POSTAL WORKERS across Britain in the Cash Handling and Distribution (CHD) section start a strike ballot next week. The Post Office wants to sell CHD to Securicor, a full privatisation that will affect 3,000 workers.
The entire postal membership will start voting over the same issue on 12 November, with the result on 26 November. The decision to sell CHD is a defining moment in the union's fight against privatisation. If they get away with it this time, what will be next? Our leaders in the CWU are quite correct to call a strike ballot. But that is not enough.
They must not be allowed to make the same mistakes as happened in the campaign to fight the Romec (cleaning and maintenance section) joint venture. The strategy of concentrating demands purely on the terms and conditions of the Romec members was at best naive, and at worst duplicitous. When the employer broadly conceded these demands there was nothing left to fight over.
Instead of retaining Romec fully within the public domain, the result of this flawed strategy is that profits generated by Romec now flow into the pockets of Balfour Beatty.

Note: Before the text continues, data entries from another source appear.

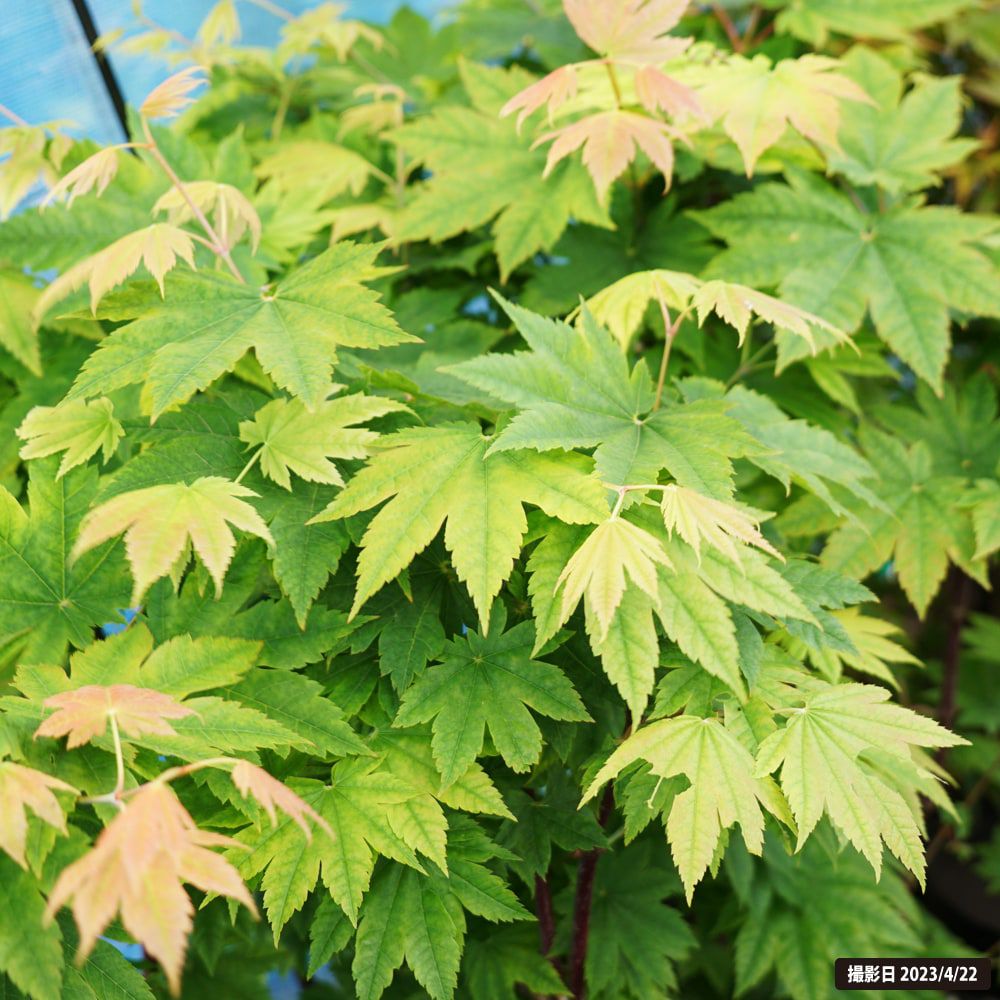 カエデ・もみじ 青板屋 苗 販売 苗木部 By 花ひろばオンライン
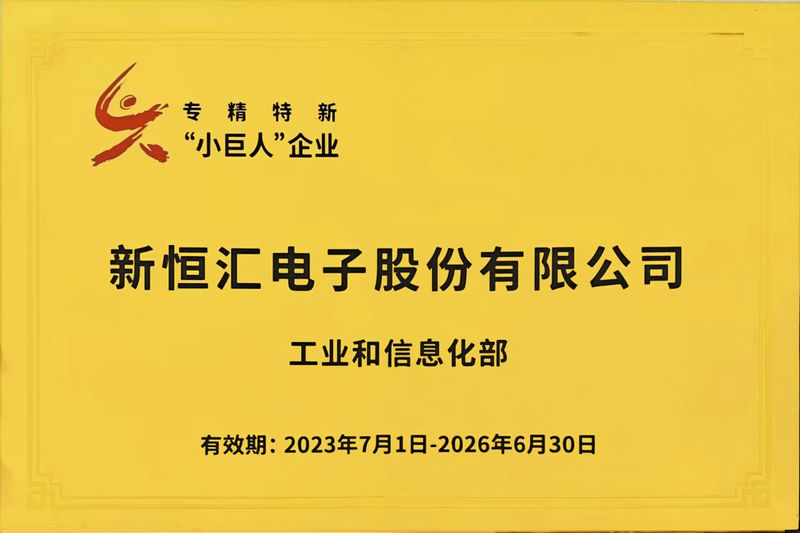 專(zhuān)精特新”小巨人“企業(yè)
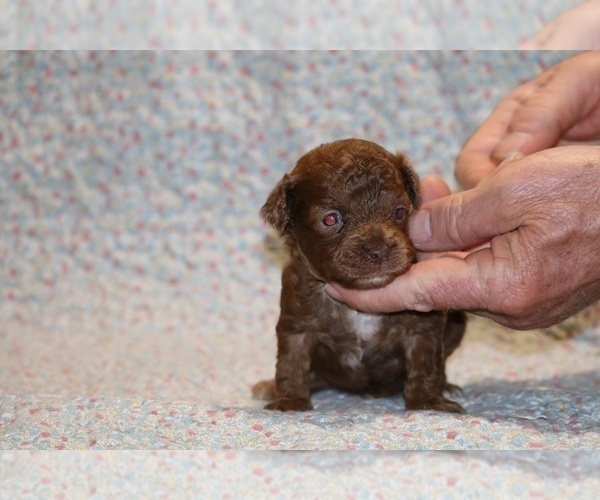 Medium Photo #7 Poodle (Toy) Puppy For Sale in DYERSBURG, TN, USA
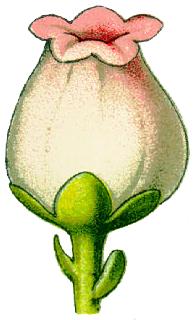 flos blommor, flowers Foderblad - antal och synsepali.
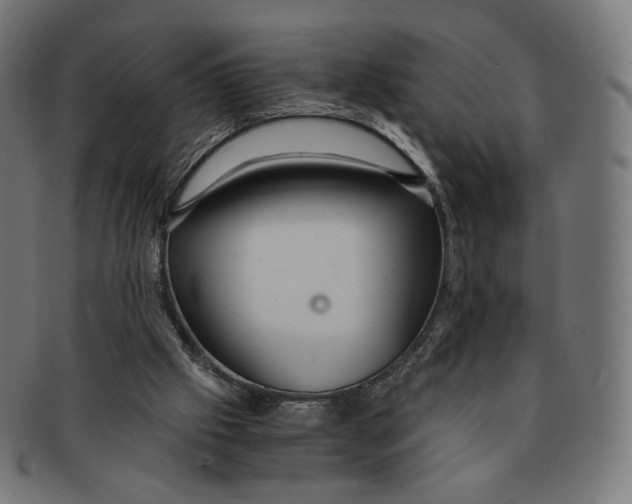 X0000091180057200709061002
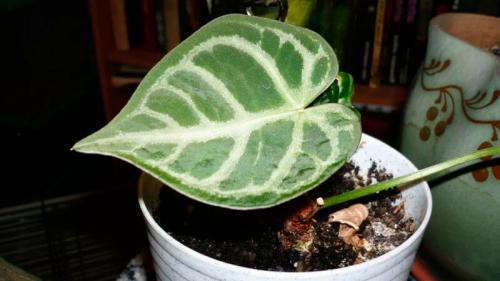 Как правильно ухаживать за цветком “мужское счастье”. Виды антуриума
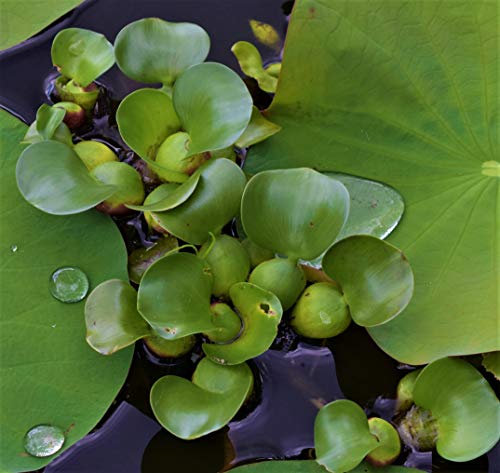Water Hyacinths Floating Water Garden Plants (12 live plants)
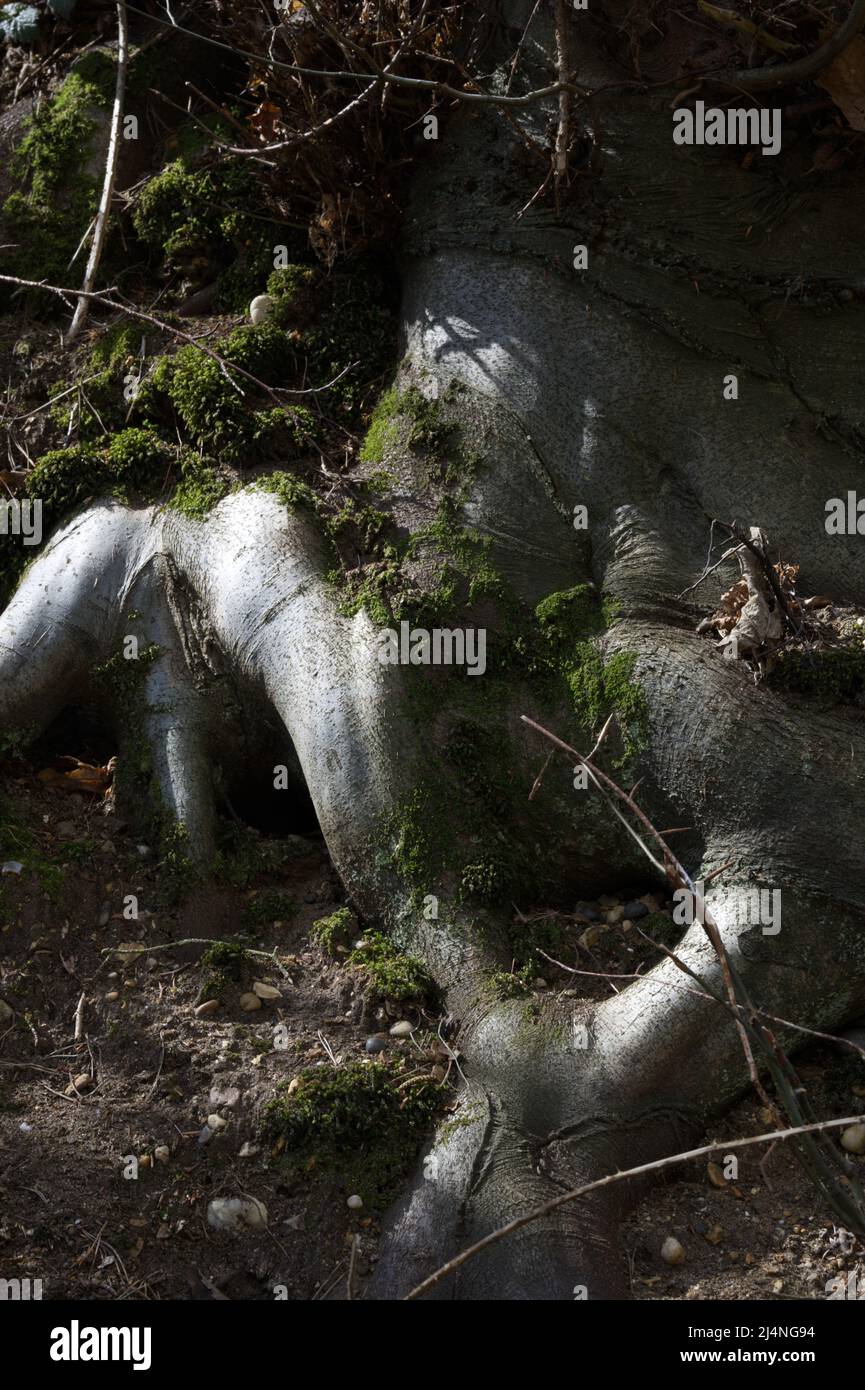 Exposed tree roots Stock Photo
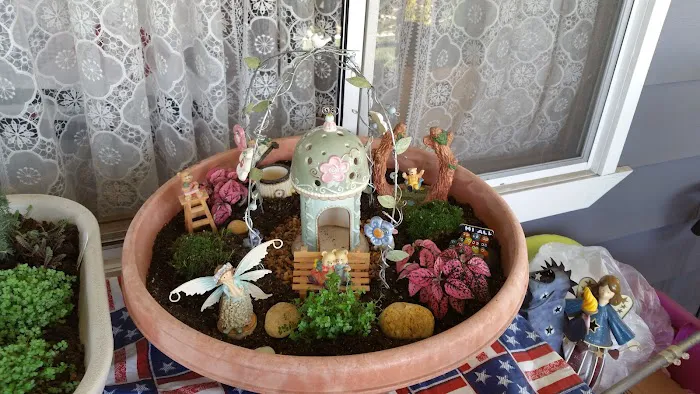 Buena Villa Picture 3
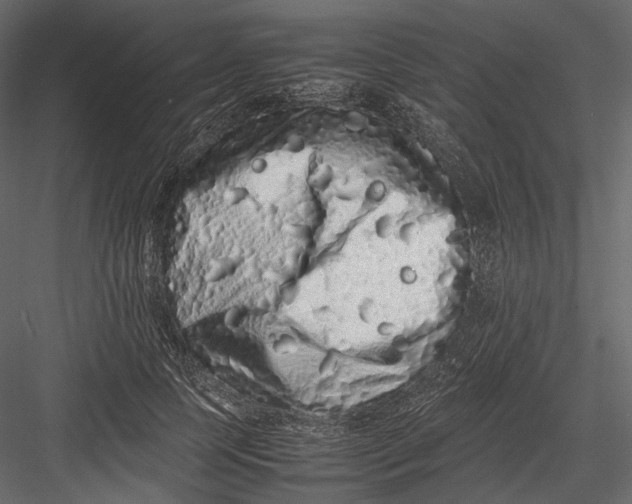 X0000082970745200702230006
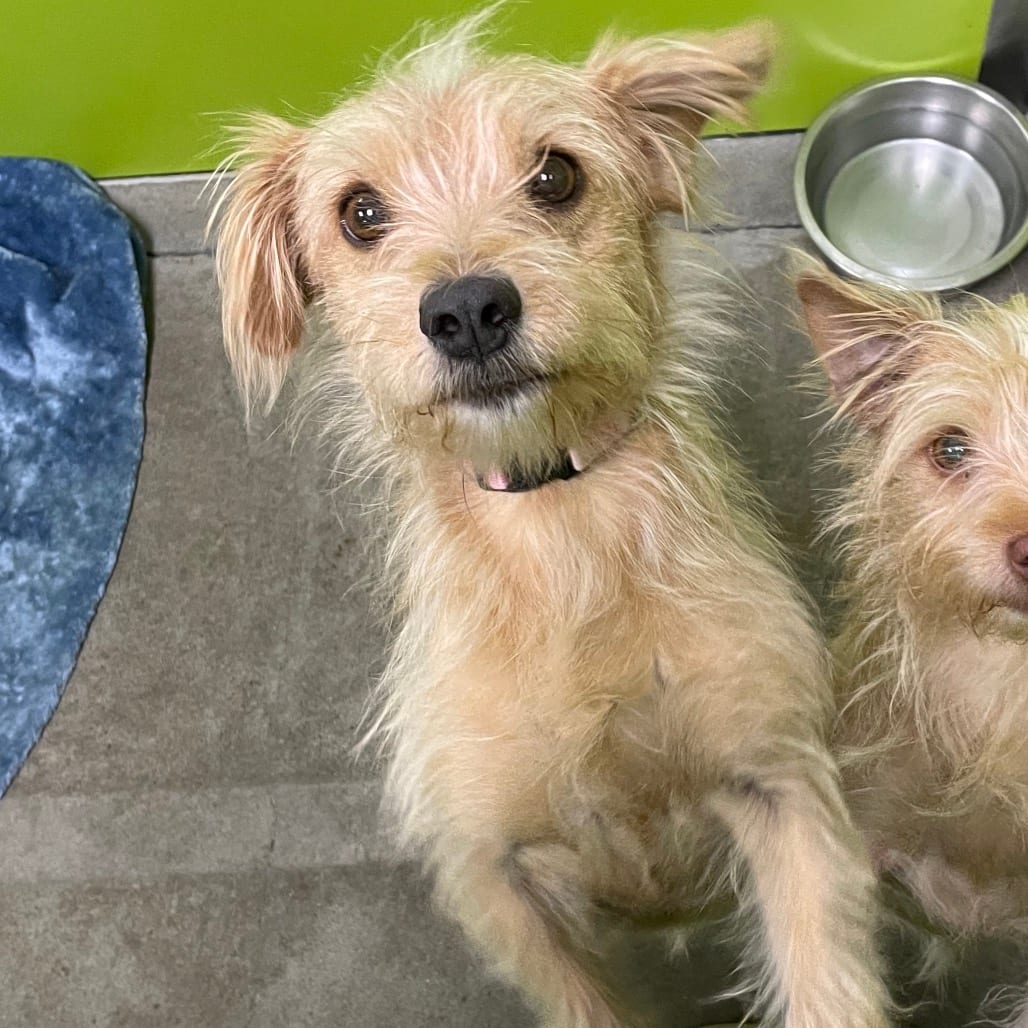 Photo of Mocha, adoptable Terrier / Chihuahua in Spokane, Washington
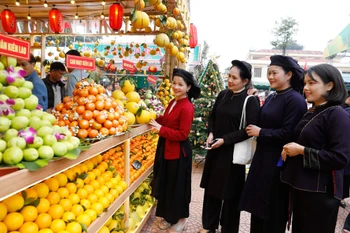 北宁水果节设有逾200个展位，推介来自各地多种水果。图自thiennhienmoitruong.vn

I am fearful that the same strategy has been adopted for the defence of CHD. It appears that the CWU have decided that the best 'way forward' is to demand that no employee of CHD should be transferred to Securicor against their will. What if the employer gives in to this demand? Will the CWU stand aside and let Securicor acquire the CHD business?
All CWU members, be they NEC or rank and file, must demand that the union will fight this latest privatisation with ALL means at its disposal, including strikes. I'd urge all CWU activists to:
Get motions passed through branch, divisional and regional committees, and forward them to the general secretary.
Convene workplace meetings to explain the issues to our members and ensure a yes vote for strike action.
Fran Choules, CWU rep, Exeter (personal capacity)
THE IMPORTANCE of the struggle against postal privatisation was underlined last week when bosses unveiled plans to sell off another section. The Post Office says it has chosen Computer Sciences Corporation (CSC) as its preferred bidder for a ten-year contract to supply IT services to the group. Around 2,000 workers will see their jobs privatised under the deal.
CSC is a US company that has many links with military contracts. It has deals worth over $800 million with the US military to provide IT services in support of 'missile defence and other space-related missions'.
It also won a multimillion US navy order to help 'provide a faster, more robust supply line to expeditionary US forces'. CSC has also penetrated the NHS with a seven-year $60 million information technology contract.